There’s no doubt that private data is going to be a fundamental part in any web of trust or digital identity network. The questions are then:

  1. Do we need private ledgers?
  2. Do we gain anything from the use of private ledgers?
  3. Is the Sovrin architecture permisive for the implementation of private Sovrin “sub-ledgers” (or sidechains)?
  4. Can a good private data exchange protocol between Sovrin agents render the idea of private ledgers unnecessary or even “obsolete”?

I’m looking forward to delve deeper into this subject.


#6

@cbruguera, I agree, this is a fascinating subject. A few thoughts below.

Yes, no question about it.

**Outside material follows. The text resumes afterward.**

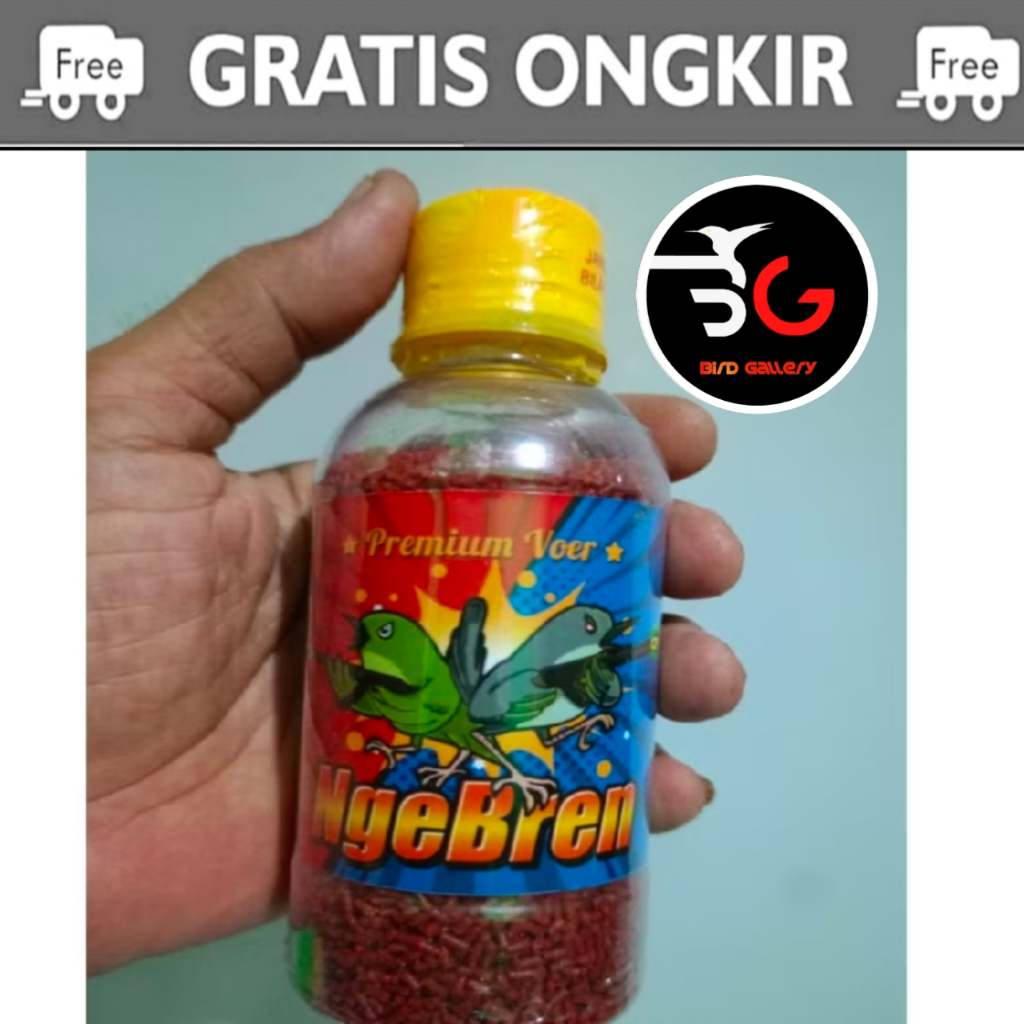 VOER NGEBREN EBOD JAYA VOER BURUNG PLECI VOER PLECI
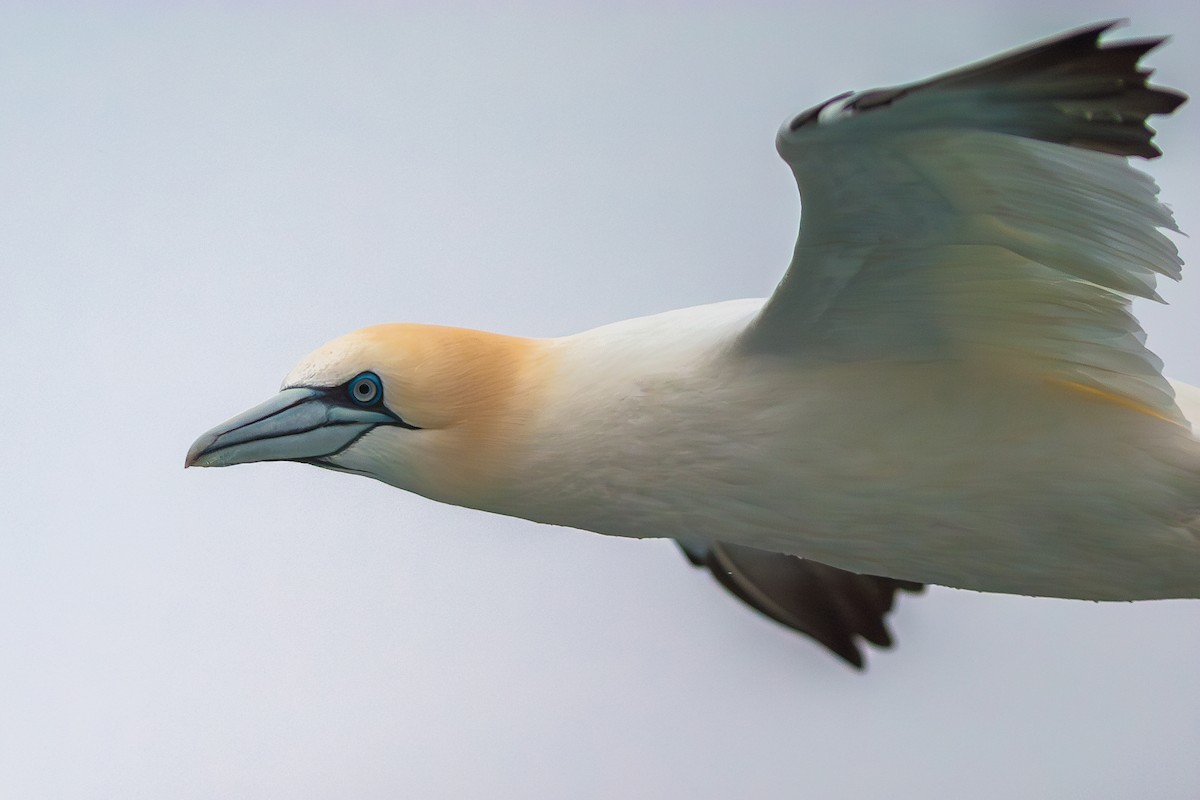 Northern Gannet - ML636813705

In fact the only question in my mind is: “How often can the use case be achieved entirely by private data flow between Sovrin agents and how often will it require a separate private ledger?”

I don’t know the answer, but I suspect it’s at least 90/10, i.e., a maximum of 10% of the use cases will require a separate private ledger.

Since I know of at least one set of use cases that will use a private ledger (the CULedger being developed by the U.S. credit union industry), my answer is “Yes”. There are definitely cases where a private ledger can journal transactions for shared access more efficiently than off-ledger agents. But I believe that will be the exception and not the rule.

Absolutely. Any agent can “anchor” transactions from private ledgers to the Sovrin ledger for any use case than requires it.

See my answers above. But only time will tell. Let’s build it and find out!